--- START ---

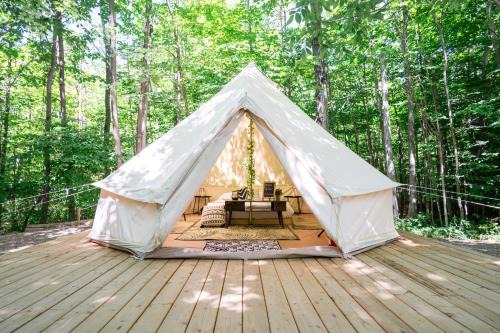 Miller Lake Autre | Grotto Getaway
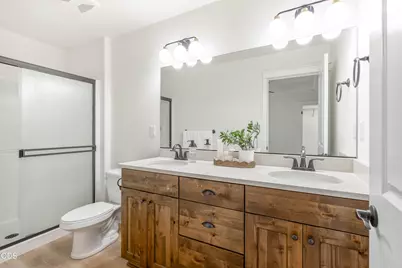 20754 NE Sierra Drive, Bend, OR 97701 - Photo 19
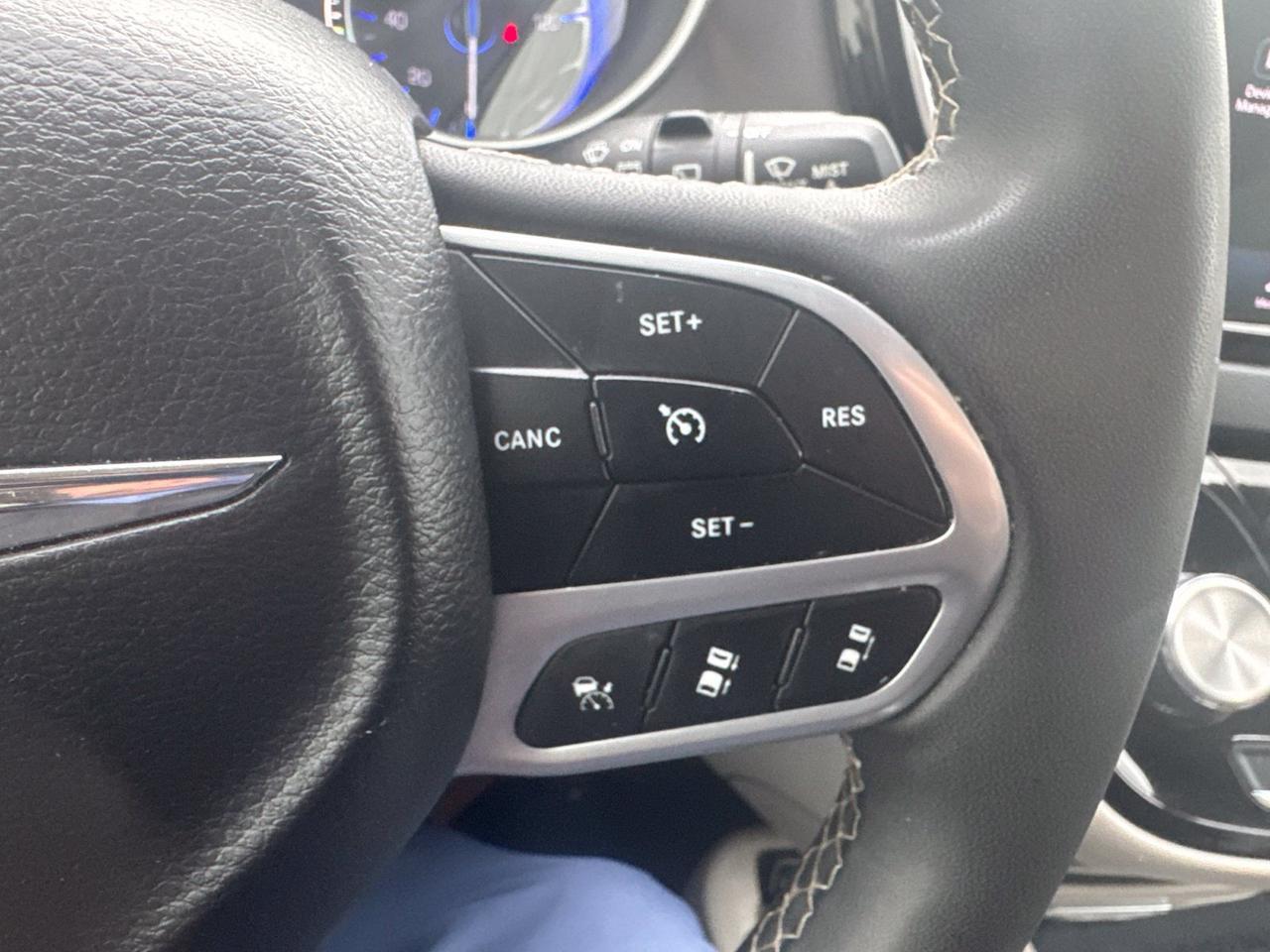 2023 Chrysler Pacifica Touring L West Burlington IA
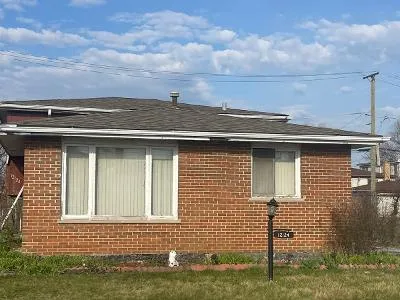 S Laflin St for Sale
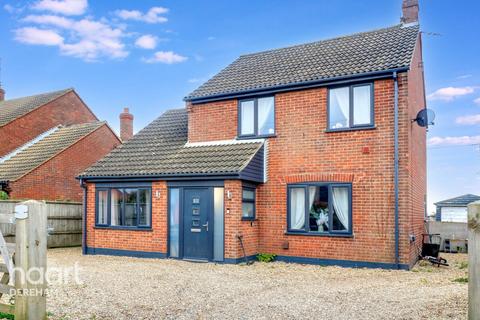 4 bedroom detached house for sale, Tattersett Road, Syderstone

--- END ---
--- START ---

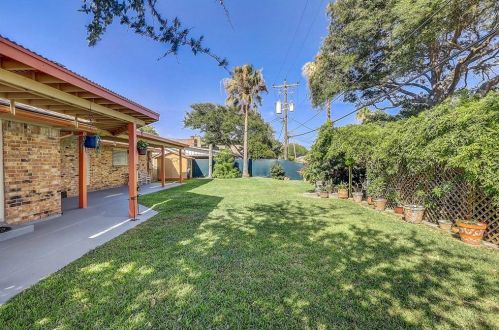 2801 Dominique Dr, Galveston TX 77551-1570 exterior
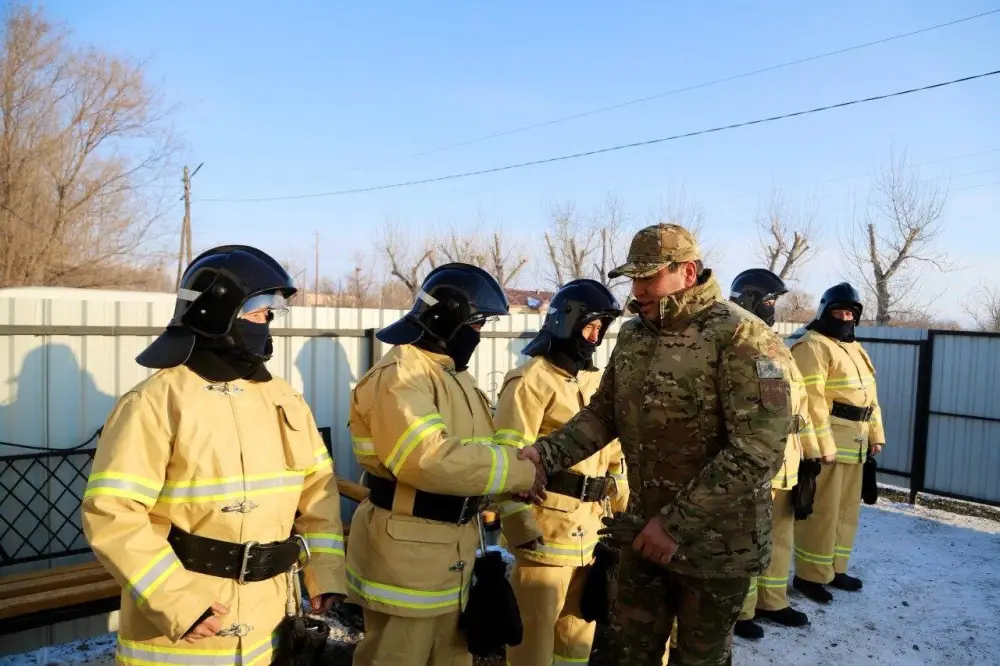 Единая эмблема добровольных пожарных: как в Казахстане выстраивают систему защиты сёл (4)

--- END ---

From the records above, extract the lines from the one holding "S Laflin St for Sale" through the one holding "4 bedroom detached", word for word; omit the pictures.

 S Laflin St for Sale
 4 bedroom detached house for sale, Tattersett Road, Syderstone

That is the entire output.